March Madness nutrition initiative seeks to inspire students to eat healthy
Published 9:20 am Thursday, March 7, 2019
NILES — When Ring Lardner Middle School students poured into the cafeteria for lunch on Tuesday, they started a month-long quest to find the answer to the age-old question: Which fruit or vegetable is the very best?
On Tuesday, sixth-graders Lily Asmus and Bree Lake passed out cups of strawberries and clementines. At a table next to them, Jazmin Smith and Olivia Taberski, also sixth-graders, tallied votes of students’ favorite.
The initiative is called March Madness and each lunch hour Tuesday through Fridays, students will sample a fruit variety and vegetable variety and vote for their favorite. Similar to the basketball season that takes place this time of year, a playoff bracket illustrates the many contenders to come.
Students will sample crunchy snap peas and carrots, leaves of spinach, chunks of fresh pineapple and slices of peaches, to name a few. Each week, one will inch to the top and become students’ favorite choice and a fruit or vegetable champion.
Assistant Principal Evan Winkler said the idea is to get more fruits and vegetables in students’ diets and get them excited about eating healthy.
“The hope is that if they like it, they would go home and ask their parents, ‘hey, I tried celery today or pears. Can we pick some up at the store?’” Winkler said.
This is the second year that the middle school has conducted March Madness, fruit and vegetable style. A Building Healthy Communities grant helped to cover the cost of the project.
March Madness also coincides with a nutrition program called, SNAP-Ed put on by Van Buren Intermediate School District.
“This adds to what they are doing,” Winkler said. “This kind of all ties together. We are trying to have a nutrition healthy atmosphere.”
Through the lessons in SNAP-Ed, students are learning how to cook healthy meals from salads to burritos.

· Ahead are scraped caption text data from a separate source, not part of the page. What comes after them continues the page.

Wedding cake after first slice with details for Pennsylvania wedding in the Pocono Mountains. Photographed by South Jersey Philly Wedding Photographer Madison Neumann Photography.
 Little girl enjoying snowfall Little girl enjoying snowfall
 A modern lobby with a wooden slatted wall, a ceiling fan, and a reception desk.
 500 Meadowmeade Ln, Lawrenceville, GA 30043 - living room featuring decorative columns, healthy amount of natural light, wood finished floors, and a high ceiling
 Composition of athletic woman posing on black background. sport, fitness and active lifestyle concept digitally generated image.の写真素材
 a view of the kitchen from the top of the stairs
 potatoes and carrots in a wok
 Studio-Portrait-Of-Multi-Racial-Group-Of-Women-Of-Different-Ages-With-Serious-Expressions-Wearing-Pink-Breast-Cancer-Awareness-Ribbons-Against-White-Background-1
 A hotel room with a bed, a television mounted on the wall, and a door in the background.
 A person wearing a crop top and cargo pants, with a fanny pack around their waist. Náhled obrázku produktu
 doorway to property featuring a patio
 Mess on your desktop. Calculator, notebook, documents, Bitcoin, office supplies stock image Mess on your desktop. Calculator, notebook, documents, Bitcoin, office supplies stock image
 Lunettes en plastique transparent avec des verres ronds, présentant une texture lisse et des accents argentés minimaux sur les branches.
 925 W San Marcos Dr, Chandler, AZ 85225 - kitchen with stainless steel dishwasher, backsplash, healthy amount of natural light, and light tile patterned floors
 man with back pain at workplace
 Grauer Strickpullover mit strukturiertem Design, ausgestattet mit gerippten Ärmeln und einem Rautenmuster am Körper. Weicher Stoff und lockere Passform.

The lessons in nutrition are important ones to teach youth, Winkler said. In addition to developing healthy habits, he said students can give themselves tools for classroom and life improvement.
“We really feel like a lot of the research on kids performing better in school has to do with getting sleep, drinking water or fluids and eating healthy,” Winkler said. “Those can really raise achievement for kids. So, if we can expose them and [encourage them] not to eat chips and candy bars and junk food all the time, they could be eating healthy foods at home.”
Students have also discovered something else through the lesson: fruits and vegetables can taste good.
Winkler described student feedback on the project as positive. Last year, he said some youth ate a fruit or vegetable that they had not tried before.
“One person said last year, ‘I tried papaya, and I never even knew what that was. That was great,’” Winkler said.
Throughout the next month, Winkler hopes to see students and the community encouraged to eat healthy.
“We all know even as adults, whatever we put in our body is how we feel,” Winkler said. “When we eat better, we feel pretty good.”